For this purpose, I am going to walk you through the command-line application called instagram-scraper and some Python scripts that I have created to manipulate some data which is gotten from instagram-scraper in JSON format or just to change a bit how the output is delivered. Let’s get this started!

1.- Getting instagram-scraper installed and first commands

Installing instagram-scraper is quite straightforward, you only need to run the following code in your terminal:

pip install instagram-scraper

Easy right? Now that it is installed, you can already make the first account scraping by using on your terminal the next command:

instagram-scraper <username> #Scraping is done anonymously. 
instagram-scraper <username> -u <your username> -p <your password> #You log into your account and you make the scraping from there. Can be useful for private accounts. 

With the command above you would be able to scrape the posts from an Instagram account feed. For example, I ran the command “instagram-scraper psg” and I downloaded all the images and videos that were on PSG’s Instagram account.

If you would like to scrape the publication which has been uploaded with a specific hashtag, you could also scrape it by using this command:

instagram-scraper <hashtag> --tag #Important! Don't include # when you enter the hashtag.

2.- Using Arguments to take instagram-scraper to the next level

If you already think that instagram-scraper is cool, you have not seen anything yet! The commands above are mainly the foundations that we need to use together with the arguments to take this tool to the next level.

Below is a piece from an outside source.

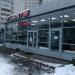 Кафе «Тандыр» в городе Казань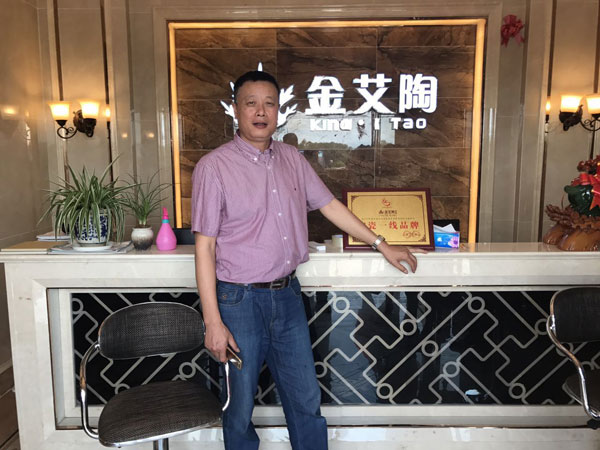 pg电子游戏(试玩)官方网站-APP下载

In this post I am going to go over the most juicy arguments from my point of view, but you can check all of them on the instagram-scraper GitHub page.

  1. Bulk scraping by entering the instagram accounts with a txt file: with the argument -f you can enter the location where a txt file is with a bunch of Instagram accounts that you would like to scrape. To make this file readable, you can separate the Instagram account with new lines, commas, semicolons or whitespace. Command example: instagram-scraper -f instagram_users.txt
  2. Stories downloading: if you would like to download the stories from an account (highlights and the daily stories) then you would need to use the following command: instagram-scraper -u <your username> -p <your password> -t story. As you can see in this case, anonymous scraping is not allowed and you can only scrape stories if you are logged in.
  3. Download number of likes and number of comments: with the basic query instagram-scraper <user_name> you are only able to download the images and videos, but no information is gotten. If the argument –media-metadata is used, then apart from the media resources you will get a JSON file where you can have access to some information such as the number of likes, number of comments, the owner ID… The command would be: instagram-scraper <user_name> --media-metadata or in case that you are only interested in the JSON file you can run: instagram-scraper <user_name> --media-metadata --media-types none.
  4. Download comments from the posts: comments from the posts can also be downloaded if the argument –comments is used. For instance: instagram-scraper <user_name> --comments.
  5. Others: instagram-scraper also has other secondary arguments that can be helpful to use proxies, limit the number of posts that you would like to scrape, filter by a location or choose a destination folder for the final output.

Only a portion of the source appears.